Jasmine and Shelby said their instructors told them out of the hundreds of salmon released into the creek, perhaps only a handful would ever make it back to spawn.

“It’s kind of sad,” Jasmine said.

Students did more than just release salmon during the field trips this week. The classes split into groups, rotating through four stations: salmon releasing, tree planting, a stream bugs game and a water quality session.

In the tree planting session students split into groups of two or three and each group planted its own tree along the Clear Creek Trail. Allanah Mitchell and Jayda Day planted their own tree alongside the trail, tagging it with a ribbon and affectionately naming it “Shaniqua.”

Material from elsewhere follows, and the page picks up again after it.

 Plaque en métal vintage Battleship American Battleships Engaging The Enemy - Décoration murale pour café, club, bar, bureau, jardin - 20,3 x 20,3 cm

“It’s to make more oxygen for the fish and shade for the creek,” Allanah said.

Jayda willingly shared some of the gardening wisdom she and the other students had learned during the session.

“Some trees need to get a haircut,” she said. When asked what this meant, she elaborated in laymen’s terms: “Some of the stemmy things are longer than the others.”

To plant their trees students had to get their hands dirty. Digging the holes and filling them in was a hands-on activity. It was clear from the cries of “gross” and “but it’s muddy” that dirtying their hands was not on the top of some students’ to-do lists.

Jayda seemed less than excited to dig into the muddy clay along the trail but did it anyway. In the end she said it was worth it, but perhaps just barely: “I mean, it’s for a tree.”